Segment Start: GIVEN RECORDS
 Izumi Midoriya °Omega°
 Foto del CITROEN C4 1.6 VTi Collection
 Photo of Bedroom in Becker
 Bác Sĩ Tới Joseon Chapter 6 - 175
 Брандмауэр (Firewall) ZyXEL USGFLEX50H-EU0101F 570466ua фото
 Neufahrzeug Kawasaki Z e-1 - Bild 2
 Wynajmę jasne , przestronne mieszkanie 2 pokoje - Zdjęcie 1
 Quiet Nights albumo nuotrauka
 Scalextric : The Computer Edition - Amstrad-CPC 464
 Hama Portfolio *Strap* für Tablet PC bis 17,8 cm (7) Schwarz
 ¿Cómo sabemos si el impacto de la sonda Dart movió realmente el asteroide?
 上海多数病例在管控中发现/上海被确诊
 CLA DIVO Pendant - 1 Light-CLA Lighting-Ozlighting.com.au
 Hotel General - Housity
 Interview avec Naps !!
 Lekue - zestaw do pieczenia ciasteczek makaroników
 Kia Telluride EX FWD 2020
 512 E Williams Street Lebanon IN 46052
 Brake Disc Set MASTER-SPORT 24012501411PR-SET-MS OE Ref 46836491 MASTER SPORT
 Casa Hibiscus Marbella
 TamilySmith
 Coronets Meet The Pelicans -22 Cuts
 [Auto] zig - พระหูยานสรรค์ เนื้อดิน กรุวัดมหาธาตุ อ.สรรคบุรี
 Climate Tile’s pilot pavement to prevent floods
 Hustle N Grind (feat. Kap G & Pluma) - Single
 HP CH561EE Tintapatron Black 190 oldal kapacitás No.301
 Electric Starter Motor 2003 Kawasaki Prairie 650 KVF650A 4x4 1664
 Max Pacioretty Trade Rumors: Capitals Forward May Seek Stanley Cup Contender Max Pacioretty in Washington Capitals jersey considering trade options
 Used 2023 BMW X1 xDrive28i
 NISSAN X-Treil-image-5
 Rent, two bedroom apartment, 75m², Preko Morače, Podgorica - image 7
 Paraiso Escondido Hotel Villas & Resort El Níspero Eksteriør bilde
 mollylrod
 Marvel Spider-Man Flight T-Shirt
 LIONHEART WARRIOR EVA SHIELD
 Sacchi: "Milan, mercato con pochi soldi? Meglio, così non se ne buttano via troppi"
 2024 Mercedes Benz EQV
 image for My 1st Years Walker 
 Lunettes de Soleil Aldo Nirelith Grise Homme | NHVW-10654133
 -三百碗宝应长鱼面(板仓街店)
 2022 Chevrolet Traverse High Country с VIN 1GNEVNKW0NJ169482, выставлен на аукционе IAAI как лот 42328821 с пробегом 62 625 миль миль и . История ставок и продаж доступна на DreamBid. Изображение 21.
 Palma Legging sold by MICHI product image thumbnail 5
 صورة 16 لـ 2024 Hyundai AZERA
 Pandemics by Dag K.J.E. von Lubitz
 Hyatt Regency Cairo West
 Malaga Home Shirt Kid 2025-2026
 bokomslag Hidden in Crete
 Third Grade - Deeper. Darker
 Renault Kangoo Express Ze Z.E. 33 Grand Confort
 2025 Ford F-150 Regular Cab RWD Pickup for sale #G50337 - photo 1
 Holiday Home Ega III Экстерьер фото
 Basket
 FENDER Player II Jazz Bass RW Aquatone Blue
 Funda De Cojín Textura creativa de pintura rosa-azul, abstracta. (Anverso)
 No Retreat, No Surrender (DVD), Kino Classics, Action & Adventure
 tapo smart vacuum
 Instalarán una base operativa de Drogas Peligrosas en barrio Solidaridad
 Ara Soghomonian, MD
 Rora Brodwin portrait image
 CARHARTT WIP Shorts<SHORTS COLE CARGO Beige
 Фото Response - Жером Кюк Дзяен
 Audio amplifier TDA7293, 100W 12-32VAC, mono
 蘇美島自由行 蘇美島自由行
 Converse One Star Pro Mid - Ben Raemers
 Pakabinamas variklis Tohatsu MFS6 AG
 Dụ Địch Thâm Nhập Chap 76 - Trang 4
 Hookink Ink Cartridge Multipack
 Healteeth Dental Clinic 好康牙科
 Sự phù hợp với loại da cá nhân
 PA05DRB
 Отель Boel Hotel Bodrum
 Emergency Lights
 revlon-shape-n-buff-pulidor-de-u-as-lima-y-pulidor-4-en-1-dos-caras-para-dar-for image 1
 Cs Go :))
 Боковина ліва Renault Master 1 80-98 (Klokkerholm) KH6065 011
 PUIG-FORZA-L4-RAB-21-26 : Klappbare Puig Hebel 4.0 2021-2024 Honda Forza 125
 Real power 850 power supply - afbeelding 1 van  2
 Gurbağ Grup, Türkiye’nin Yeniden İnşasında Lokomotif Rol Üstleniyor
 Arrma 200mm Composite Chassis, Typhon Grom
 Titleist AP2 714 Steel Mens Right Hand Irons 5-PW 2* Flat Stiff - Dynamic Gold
Segment End: GIVEN RECORDS
__DESCRIPTION OF THE TASK__.
Your task is to repeat each line of the material exactly.

__YOUR RESPONSE__.
 Izumi Midoriya °Omega°
 Foto del CITROEN C4 1.6 VTi Collection
 Photo of Bedroom in Becker
 Bác Sĩ Tới Joseon Chapter 6 - 175
 Брандмауэр (Firewall) ZyXEL USGFLEX50H-EU0101F 570466ua фото
 Neufahrzeug Kawasaki Z e-1 - Bild 2
 Wynajmę jasne , przestronne mieszkanie 2 pokoje - Zdjęcie 1
 Quiet Nights albumo nuotrauka
 Scalextric : The Computer Edition - Amstrad-CPC 464
 Hama Portfolio *Strap* für Tablet PC bis 17,8 cm (7) Schwarz
 ¿Cómo sabemos si el impacto de la sonda Dart movió realmente el asteroide?
 上海多数病例在管控中发现/上海被确诊
 CLA DIVO Pendant - 1 Light-CLA Lighting-Ozlighting.com.au
 Hotel General - Housity
 Interview avec Naps !!
 Lekue - zestaw do pieczenia ciasteczek makaroników
 Kia Telluride EX FWD 2020
 512 E Williams Street Lebanon IN 46052
 Brake Disc Set MASTER-SPORT 24012501411PR-SET-MS OE Ref 46836491 MASTER SPORT
 Casa Hibiscus Marbella
 TamilySmith
 Coronets Meet The Pelicans -22 Cuts
 [Auto] zig - พระหูยานสรรค์ เนื้อดิน กรุวัดมหาธาตุ อ.สรรคบุรี
 Climate Tile’s pilot pavement to prevent floods
 Hustle N Grind (feat. Kap G & Pluma) - Single
 HP CH561EE Tintapatron Black 190 oldal kapacitás No.301
 Electric Starter Motor 2003 Kawasaki Prairie 650 KVF650A 4x4 1664
 Max Pacioretty Trade Rumors: Capitals Forward May Seek Stanley Cup Contender Max Pacioretty in Washington Capitals jersey considering trade options
 Used 2023 BMW X1 xDrive28i
 NISSAN X-Treil-image-5
 Rent, two bedroom apartment, 75m², Preko Morače, Podgorica - image 7
 Paraiso Escondido Hotel Villas & Resort El Níspero Eksteriør bilde
 mollylrod
 Marvel Spider-Man Flight T-Shirt
 LIONHEART WARRIOR EVA SHIELD
 Sacchi: "Milan, mercato con pochi soldi? Meglio, così non se ne buttano via troppi"
 2024 Mercedes Benz EQV
 image for My 1st Years Walker 
 Lunettes de Soleil Aldo Nirelith Grise Homme | NHVW-10654133
 -三百碗宝应长鱼面(板仓街店)
 2022 Chevrolet Traverse High Country с VIN 1GNEVNKW0NJ169482, выставлен на аукционе IAAI как лот 42328821 с пробегом 62 625 миль миль и . История ставок и продаж доступна на DreamBid. Изображение 21.
 Palma Legging sold by MICHI product image thumbnail 5
 صورة 16 لـ 2024 Hyundai AZERA
 Pandemics by Dag K.J.E. von Lubitz
 Hyatt Regency Cairo West
 Malaga Home Shirt Kid 2025-2026
 bokomslag Hidden in Crete
 Third Grade - Deeper. Darker
 Renault Kangoo Express Ze Z.E. 33 Grand Confort
 2025 Ford F-150 Regular Cab RWD Pickup for sale #G50337 - photo 1
 Holiday Home Ega III Экстерьер фото
 Basket
 FENDER Player II Jazz Bass RW Aquatone Blue
 Funda De Cojín Textura creativa de pintura rosa-azul, abstracta. (Anverso)
 No Retreat, No Surrender (DVD), Kino Classics, Action & Adventure
 tapo smart vacuum
 Instalarán una base operativa de Drogas Peligrosas en barrio Solidaridad
 Ara Soghomonian, MD
 Rora Brodwin portrait image
 CARHARTT WIP Shorts<SHORTS COLE CARGO Beige
 Фото Response - Жером Кюк Дзяен
 Audio amplifier TDA7293, 100W 12-32VAC, mono
 蘇美島自由行 蘇美島自由行
 Converse One Star Pro Mid - Ben Raemers
 Pakabinamas variklis Tohatsu MFS6 AG
 Dụ Địch Thâm Nhập Chap 76 - Trang 4
 Hookink Ink Cartridge Multipack
 Healteeth Dental Clinic 好康牙科
 Sự phù hợp với loại da cá nhân
 PA05DRB
 Отель Boel Hotel Bodrum
 Emergency Lights
 revlon-shape-n-buff-pulidor-de-u-as-lima-y-pulidor-4-en-1-dos-caras-para-dar-for image 1
 Cs Go :))
 Боковина ліва Renault Master 1 80-98 (Klokkerholm) KH6065 011
 PUIG-FORZA-L4-RAB-21-26 : Klappbare Puig Hebel 4.0 2021-2024 Honda Forza 125
 Real power 850 power supply - afbeelding 1 van  2
 Gurbağ Grup, Türkiye’nin Yeniden İnşasında Lokomotif Rol Üstleniyor
 Arrma 200mm Composite Chassis, Typhon Grom
 Titleist AP2 714 Steel Mens Right Hand Irons 5-PW 2* Flat Stiff - Dynamic Gold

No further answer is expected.